[Work order]
For the records below, copy exactly the span that begins at the line containing "interatrial septum." and stops after the line containing "Coronal knee MRI plate at baseline", minus any pictures.

Caption-style text data

__________________________________________________

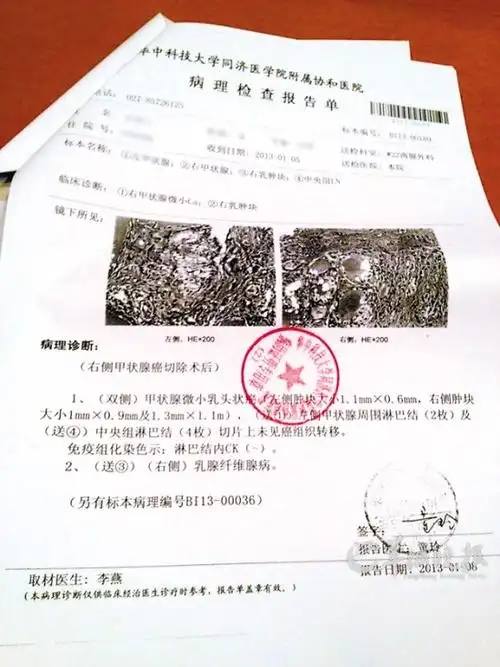 曝武汉协和医院放射污染 患癌女副教授求援方舟子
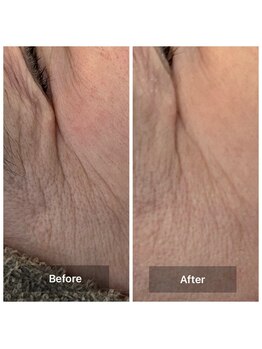 ルミエール(Lumiere)/７０代女性　目尻のシワケア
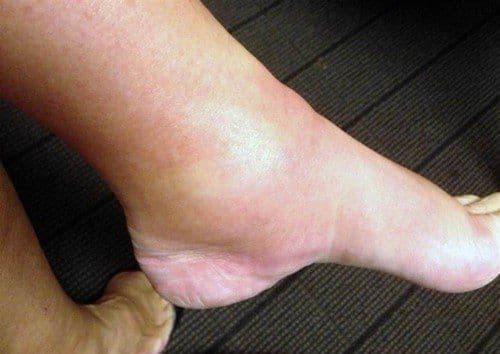 Hình ảnh bị trẹo chân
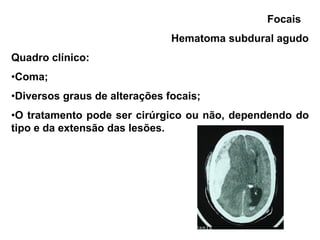 Focais
                               Hematoma subdural agudo
Quadro clínico:
•Coma;
•Diversos graus de alterações focais;
•O tratamento pode ser cirúrgico ou não, dependendo do
tipo e da extensão das lesões.
 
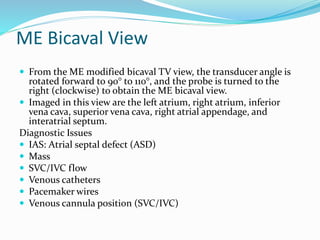 ME Bicaval View
 From the ME modified bicaval TV view, the transducer angle is
rotated forward to 90° to 110°, and the probe is turned to the
right (clockwise) to obtain the ME bicaval view.
 Imaged in this view are the left atrium, right atrium, inferior
vena cava, superior vena cava, right atrial appendage, and
interatrial septum.
Diagnostic Issues
 IAS: Atrial septal defect (ASD)
 Mass
 SVC/IVC flow
 Venous catheters
 Pacemaker wires
 Venous cannula position (SVC/IVC)
 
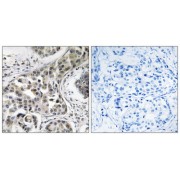 Immunohistochemistry analysis of paraffin-embedded human breast carcinoma tissue using USP6NL antibody.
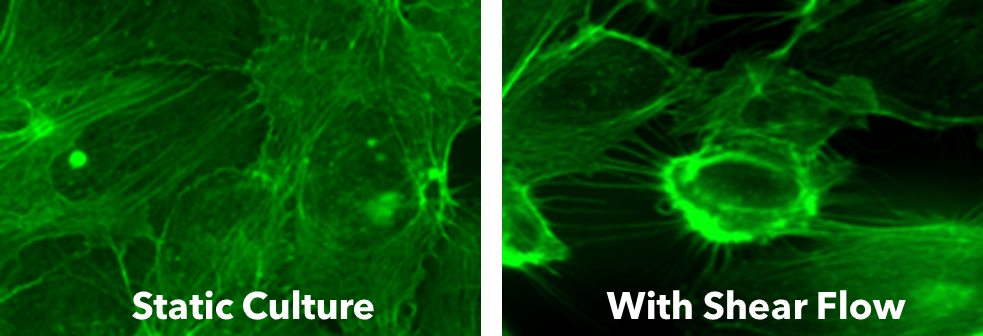 Cancer interaction with endothelial cells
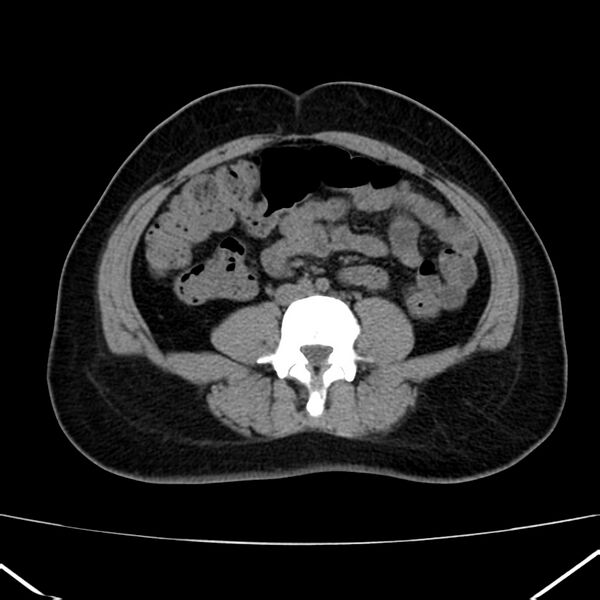 File:Ampullary tumor (Radiopaedia 22787-22816 Axial non-contrast 33).jpg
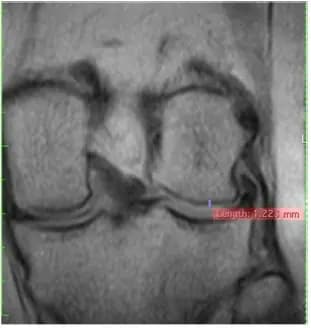 Coronal knee MRI plate at baseline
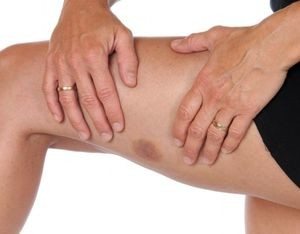 Cum de a trata venele și vasele de sânge la nivelul picioarelor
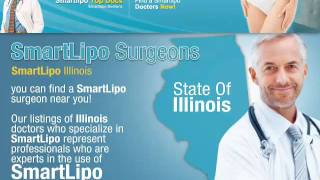 Smart Lipo Top Docs Illinois [upl. by Ireva]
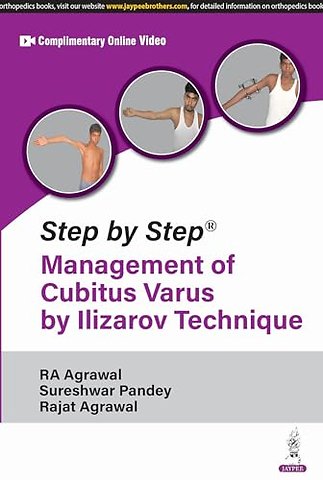 Step by Step: Management of Cubitus Varus by Ilizarov Technique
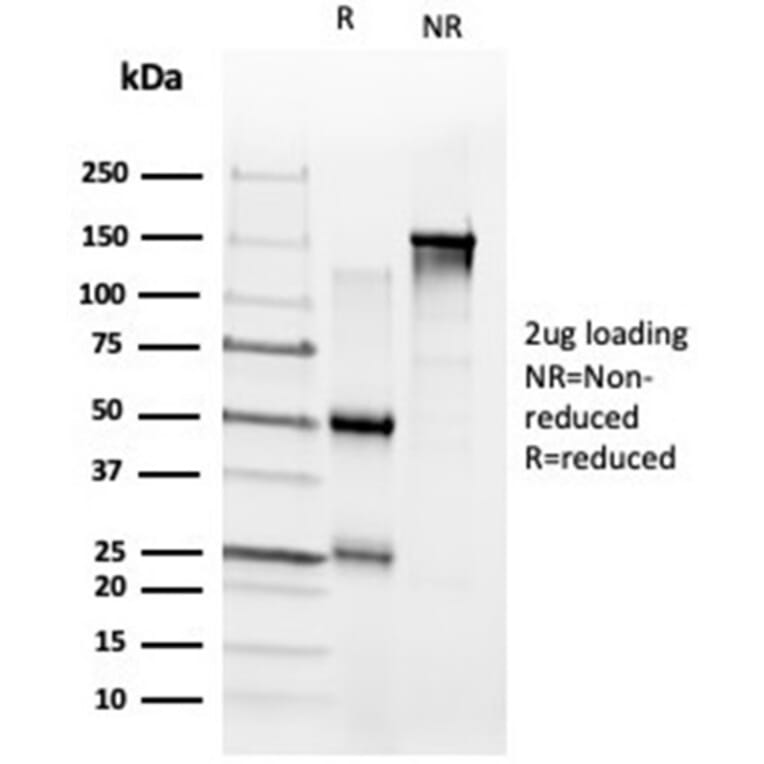SDS-PAGE - Anti-ZNF704 Antibody [PCRP-ZNF704-3C10] (A277778) - Antibodies.com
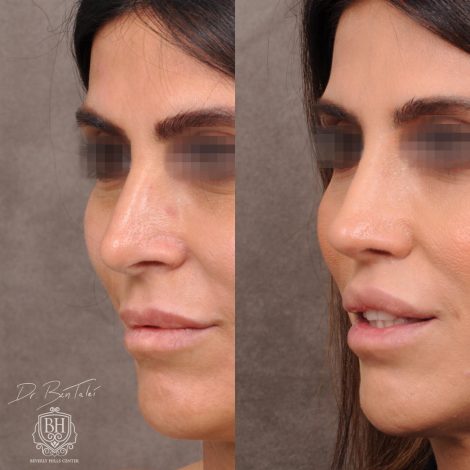 Beverly Hills Center Female Patient Before and After Revision Rhinoplasty and Lip Lift Procedure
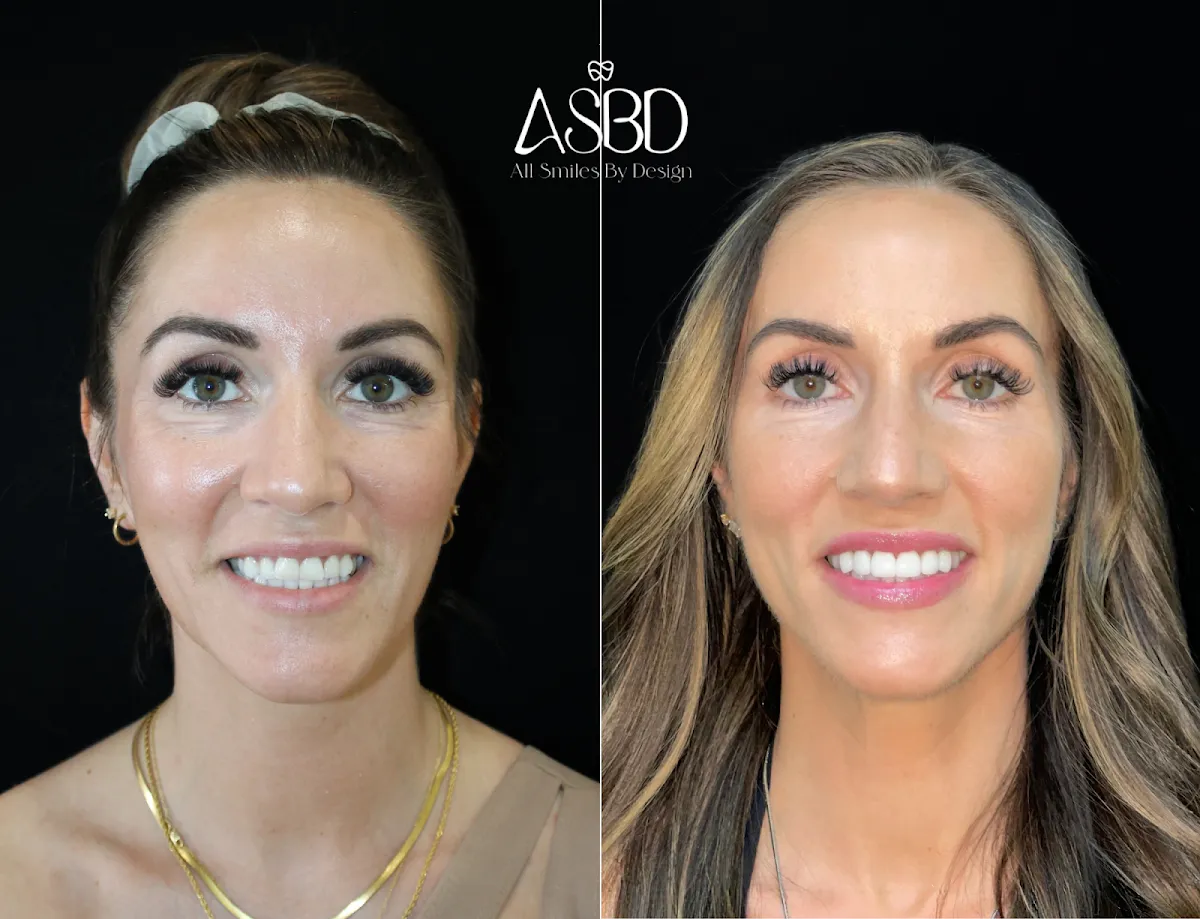 Dentist Henderson - All Smiles By Design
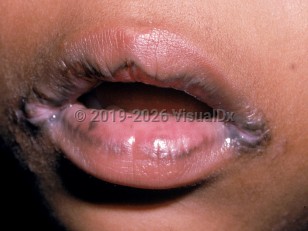 Angular cheilitis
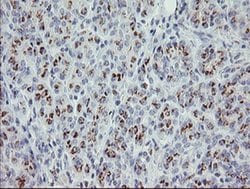 Invitrogen PHKG2 Monoclonal Antibody (OTI1F9) 100 &mu;L; Unconjugated:Antibodies,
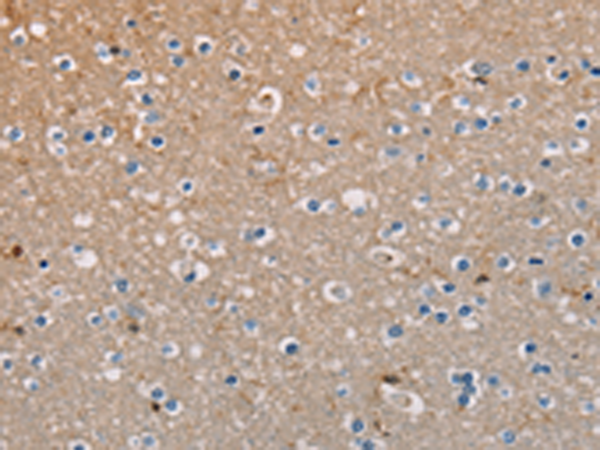 Rabbit Polyclonal Antibody to AMBRA1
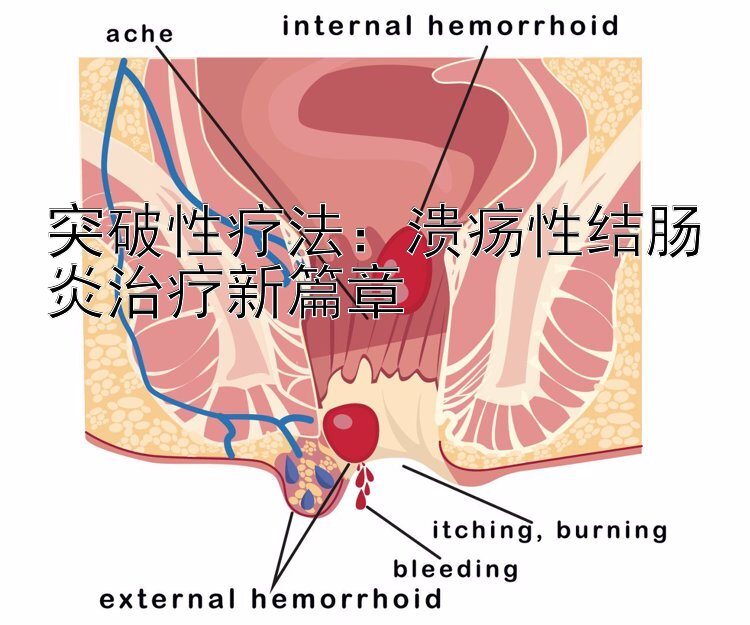 突破性疗法：溃疡性结肠炎治疗新篇章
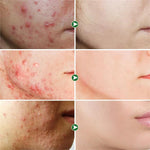 (2X1) Crema Anti Acné "Bioaqua" Promoción Especial⌛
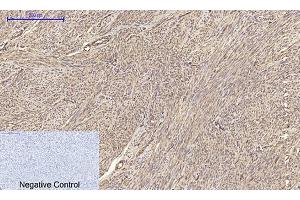 Immunohistochemical analysis of paraffin-embedded human uterus tissue. (Claudin 5 Antikörper  (AA 140-220))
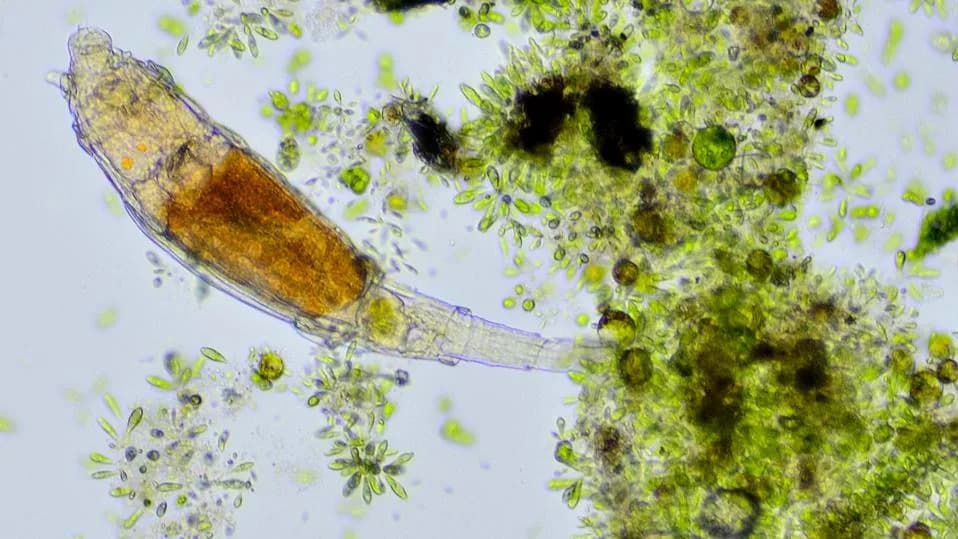 Meet the Bdelloid Rotifers: Microscopic Animals That Survive ~1,000× the Radiation That Kills Humans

__________________________________________________

[Task answer]
interatrial septum.
Diagnostic Issues
 IAS: Atrial septal defect (ASD)
 Mass
 SVC/IVC flow
 Venous catheters
 Pacemaker wires
 Venous cannula position (SVC/IVC)
 
 Immunohistochemistry analysis of paraffin-embedded human breast carcinoma tissue using USP6NL antibody.
 Cancer interaction with endothelial cells
 File:Ampullary tumor (Radiopaedia 22787-22816 Axial non-contrast 33).jpg
 Coronal knee MRI plate at baseline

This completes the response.